What’s really cool is how the Seahawks organization can all pull from the same data lake for lots of different purposes. And the team is really tapping into so many various services and functions within AWS—from machine learning, to artificial intelligence, to databases, analytics, storage, and more.

The Seahawks data lake architecture

In thinking through the use cases above, it’s easy to see how a data lake was the right technology solution here. And AWS offers numerous services and technologies that are ideal for building a data lake in the cloud.

*Figure 2: Seahawks Data Lake Architechture*

An AWS Lambda function initiates the ingestion of data on a pre-defined schedule by starting AWS Step Functions. The Step Functions orchestrates the ingestion workflow from start to finish by managing state, checkpoints, and retries to make sure that ingestion process executes in order and as expected.

As part of this workflow, AWS Step Functions spins up independent docker images on AWS Fargate to query the third party source API and copy the data into a S3 bucket. Fargate allocates the right amount of compute for each container, eliminating the need to choose instances and scale cluster capacity manually. Because Fargate is serverless, it allows the Seahawks to avoid the operational overhead of scaling, patching, securing, and managing servers.

After the data is ingested into the S3 bucket, Amazon Glue crawls the data and constructs a Data Catalog using pre-built classifiers. By maintaining an up-to-date data catalog on Glue, the Seahawks can quickly discover and search across multiple AWS data sets without moving the data.

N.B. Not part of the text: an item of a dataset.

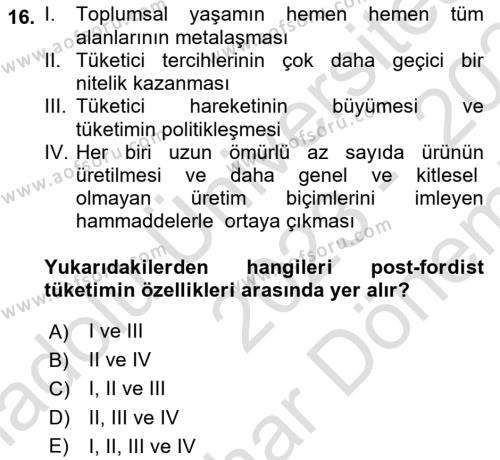 Tüketim Sosyolojisi Dersi 2023 - 2024 Yılı (Final) Dönem Sonu Sınavı 16. Soru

*Figure 3: Data Ingestion Pipeline for 3rd Party APIs*

In addition to third party APIs, the Seahawks need to ingest data from on-premises relational databases and data warehouses. AWS Database Migration Services allows them to easily and securely pull data out of a variety of source databases and data warehouses and land into S3 before loading it to Amazon Redshift. This allows the data to be available in the data lake for ML and other use cases while ensuring data that is intended for analytics queries can be loaded efficiently to Amazon Redshift.

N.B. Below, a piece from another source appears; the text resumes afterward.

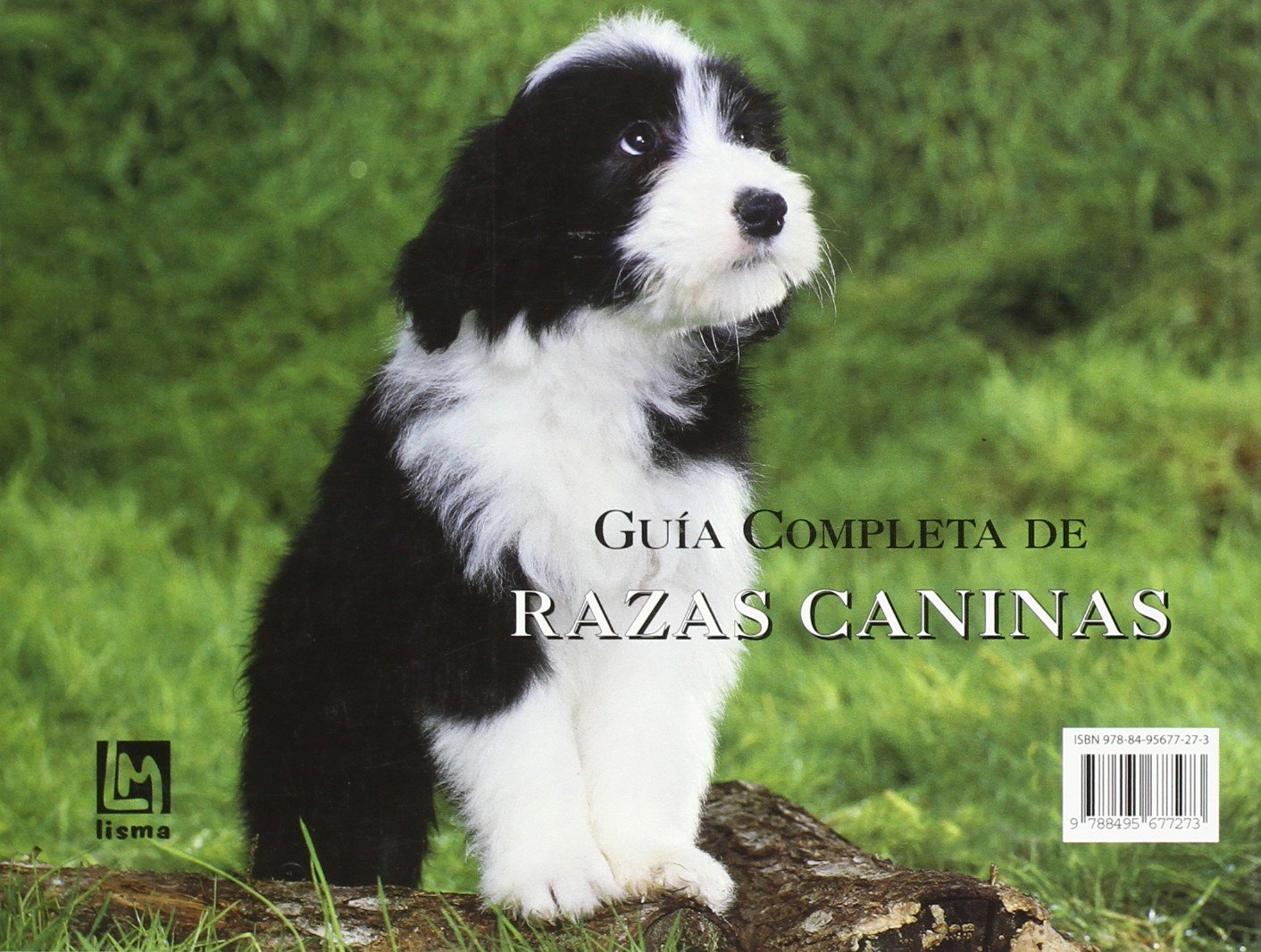 Guia Completa De Razas Caninas/ Complete Guide of Dog Breeds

*Figure 4: Data Ingestion Pipeline for on-premises data sources*

If there is any failure in the ingestion workflow, the underlying API call will be logged to AWS CloudWatch Logs. Then, AWS Step Functions will notify the Seahawks data analytics team about the failure via email using Amazon Simple Notification Service.

Putting it all together

Since announcing that AWS is the Seahawks official cloud provider last year, the Seahawks data lake has been operational for seven months now, and they’re already seeing value in its talent evaluation and acquisition, player health and recovery times, and game planning.

While American Football is one of the most exciting and most physical sports I’ve ever seen, what continues to impress me with this sport every year is the insights, data, and technology that plays into the sport these days. A successful football franchise like the Seattle Seahawks not only need MVP candidates like Russell Wilson on the field, but a strong team of technologists and some of the best technologies on the planet working together behind the scenes to win in a league like this. And the performance of the Seahawks this season – 6-3 and tied for first place in the NFC West – has been aided by all of the meticulous preparation put into every game day, some of which is coming directly from this data lake. I know it takes a lot of people throughout a football organization to get a team to the Super Bowl, and AWS is proud to play a small role in the Seahawks success, now and in the future.